The UK is accelerating the next frontier of medicine: manufacturing drugs in space.
Microgravity, impossible to replicate on Earth, can improve how biologic drugs form, behave, and work in the human body, offering potential breakthroughs for cancer, rare diseases, and other conditions by enhancing the quality, stability, and performance of complex medicines.
To turn these advances into real-world treatments, UK companies developing medicines in orbit will now benefit from a coordinated package of measures announced today, aimed at rapidly expanding in-orbit manufacturing. The initiative provides clearer regulatory guidance and a defined path from research in space to patient access on Earth, supporting the ambitions of the UK Government’s £2 billion Life Sciences Sector Plan.
Led by the UK Space Agency with support from the Medicines and Healthcare products Regulatory Agency (MHRA), the Regulatory Innovation Office within the Department for Science, Innovation and Technology (DSIT), and the Civil Aviation Authority (CAA), the package includes regulatory guidance, case studies, a regulatory sandbox, and strengthened supply-chain engagement.

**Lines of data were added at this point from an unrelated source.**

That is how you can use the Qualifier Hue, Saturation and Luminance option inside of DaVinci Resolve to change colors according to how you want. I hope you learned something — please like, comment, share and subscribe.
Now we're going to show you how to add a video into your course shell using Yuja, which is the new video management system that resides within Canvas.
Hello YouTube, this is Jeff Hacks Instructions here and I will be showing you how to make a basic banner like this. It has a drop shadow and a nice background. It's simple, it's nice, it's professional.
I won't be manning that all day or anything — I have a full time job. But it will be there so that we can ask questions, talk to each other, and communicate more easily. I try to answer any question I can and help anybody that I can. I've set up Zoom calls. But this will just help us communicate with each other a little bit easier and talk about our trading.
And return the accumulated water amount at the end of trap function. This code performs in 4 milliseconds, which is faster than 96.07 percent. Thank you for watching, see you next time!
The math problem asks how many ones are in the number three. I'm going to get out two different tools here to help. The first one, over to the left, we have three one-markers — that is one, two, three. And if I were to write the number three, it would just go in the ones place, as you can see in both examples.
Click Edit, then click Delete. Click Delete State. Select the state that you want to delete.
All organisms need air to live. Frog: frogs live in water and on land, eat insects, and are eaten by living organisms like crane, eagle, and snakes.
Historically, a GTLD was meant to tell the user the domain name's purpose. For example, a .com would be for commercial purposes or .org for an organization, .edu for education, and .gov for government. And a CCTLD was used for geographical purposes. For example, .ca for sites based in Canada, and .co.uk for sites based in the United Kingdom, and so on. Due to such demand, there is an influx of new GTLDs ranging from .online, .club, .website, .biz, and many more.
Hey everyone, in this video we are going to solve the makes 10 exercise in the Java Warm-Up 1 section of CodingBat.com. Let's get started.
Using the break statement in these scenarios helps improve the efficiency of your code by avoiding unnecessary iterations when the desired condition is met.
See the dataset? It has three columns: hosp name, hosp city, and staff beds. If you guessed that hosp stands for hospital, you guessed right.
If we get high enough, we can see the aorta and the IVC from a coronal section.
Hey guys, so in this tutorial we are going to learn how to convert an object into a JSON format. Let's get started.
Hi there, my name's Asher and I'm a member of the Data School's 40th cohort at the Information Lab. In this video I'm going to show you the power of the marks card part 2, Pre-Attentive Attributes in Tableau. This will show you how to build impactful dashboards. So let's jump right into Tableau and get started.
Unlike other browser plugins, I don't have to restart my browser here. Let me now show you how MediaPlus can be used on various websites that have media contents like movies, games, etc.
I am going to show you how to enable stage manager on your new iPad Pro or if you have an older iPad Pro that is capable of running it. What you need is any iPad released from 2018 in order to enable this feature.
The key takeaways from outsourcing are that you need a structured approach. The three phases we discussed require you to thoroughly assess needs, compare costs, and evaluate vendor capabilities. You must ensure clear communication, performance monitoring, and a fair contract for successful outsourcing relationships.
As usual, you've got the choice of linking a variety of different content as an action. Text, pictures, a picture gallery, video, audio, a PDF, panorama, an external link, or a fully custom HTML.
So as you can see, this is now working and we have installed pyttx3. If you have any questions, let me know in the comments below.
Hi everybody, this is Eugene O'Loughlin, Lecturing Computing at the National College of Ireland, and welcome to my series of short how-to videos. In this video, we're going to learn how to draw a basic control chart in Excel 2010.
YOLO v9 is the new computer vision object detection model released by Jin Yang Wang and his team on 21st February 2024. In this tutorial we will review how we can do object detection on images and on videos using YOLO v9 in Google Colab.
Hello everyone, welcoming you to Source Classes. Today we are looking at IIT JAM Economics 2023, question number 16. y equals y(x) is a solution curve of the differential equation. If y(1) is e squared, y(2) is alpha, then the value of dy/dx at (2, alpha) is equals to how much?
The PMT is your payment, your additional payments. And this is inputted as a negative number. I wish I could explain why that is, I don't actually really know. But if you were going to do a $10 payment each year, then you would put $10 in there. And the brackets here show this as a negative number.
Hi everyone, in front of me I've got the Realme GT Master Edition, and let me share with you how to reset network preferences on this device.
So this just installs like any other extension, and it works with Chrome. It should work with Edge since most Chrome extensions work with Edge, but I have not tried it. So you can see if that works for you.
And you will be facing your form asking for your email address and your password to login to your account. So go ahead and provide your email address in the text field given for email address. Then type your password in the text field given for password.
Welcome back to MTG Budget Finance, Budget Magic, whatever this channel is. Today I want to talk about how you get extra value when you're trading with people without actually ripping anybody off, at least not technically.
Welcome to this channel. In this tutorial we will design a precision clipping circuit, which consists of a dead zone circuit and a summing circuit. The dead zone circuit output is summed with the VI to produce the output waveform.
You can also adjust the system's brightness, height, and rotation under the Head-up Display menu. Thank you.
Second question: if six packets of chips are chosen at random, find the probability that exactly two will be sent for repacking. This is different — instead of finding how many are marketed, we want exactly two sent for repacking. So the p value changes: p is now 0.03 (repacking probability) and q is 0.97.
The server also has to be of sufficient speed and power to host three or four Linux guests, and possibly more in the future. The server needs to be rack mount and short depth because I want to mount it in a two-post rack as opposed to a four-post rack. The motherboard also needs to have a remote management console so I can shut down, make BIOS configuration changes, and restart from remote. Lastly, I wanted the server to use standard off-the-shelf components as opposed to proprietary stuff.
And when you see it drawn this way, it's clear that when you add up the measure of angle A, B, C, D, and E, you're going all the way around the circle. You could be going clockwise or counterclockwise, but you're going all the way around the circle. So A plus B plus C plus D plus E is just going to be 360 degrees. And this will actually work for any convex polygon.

“The UK is taking medical breakthroughs from orbit to patient – tackling the practical barriers that have held back commercial in-orbit manufacturing, from regulatory uncertainty to supply chain gaps,” said Space Minister Liz Lloyd.
Lord David Willetts, Chair of the UK Space Agency and Regulatory Innovation Office, added: “In-orbit manufacturing of pharmaceuticals represents a significant opportunity for the UK, combining the growth potential of our space sector with the promise of better treatments for patients. The UK Space Agency is committed to supporting the companies pioneering this work.
"Setting out a clear adoption pathway with well-defined regulatory requirements gives investors and entrepreneurs the confidence they need to bring these innovations to market. The UK is open for business in space-enabled pharmaceuticals, with the ambition and capability to lead globally.”
The government has identified in-orbit servicing, assembly, and manufacturing as a priority capability area for UK leadership, growth, and national security.
Demonstration missions such as Space Forge’s ForgeStar 1 and Astroscale UK’s ELSA‑D have already positioned the UK at the forefront of licensing novel space technologies, proving that in-orbit manufacturing is no longer speculative. Early-stage projects like BioOrbit, which recently received £250,000 for a feasibility study, are exploring scalable systems for crystallising biologic drugs in space, with the goal of enabling at-home cancer treatments.
To maintain momentum, the government is launching new guidance, a Re-entry Regulatory Sandbox, and streamlining licensing for higher-frequency in-orbit operations.
“Space manufacturing unlocks cutting‑edge products that simply can’t be made here on Earth. As the UK space regulator, we play a key role in enabling these groundbreaking innovations, which have the potential to deliver real health benefits and drive economic growth.
"We are confident that in‑space manufacturing can be licensed under the UK’s current rules, as long as companies go through the normal approval steps, ensuring that these ideas and innovations take shape, safely, securely and sustainably,” said Rosemary Whitbread, Head of Space Regulation Policy at the UK Civil Aviation Authority.
Dr Paul Bate, CEO of the UK Space Agency, said: “Our investment in innovative projects is matched by focused work through our Unlocking Space Portfolio to connect space companies with the pharmaceutical sector and public health partners. We want to ensure that promising microgravity research doesn’t stall at the experimental stage but progresses towards treatments that improve people’s lives. This is about turning the UK’s strengths in space and life sciences into a competitive advantage that delivers for patients and for growth.”
The announcement came at Space-Comm Expo at ExCeL London, one of Europe’s biggest space industry events, signalling a bold step toward a future where some of the world’s most advanced medicines may literally be manufactured above the Earth.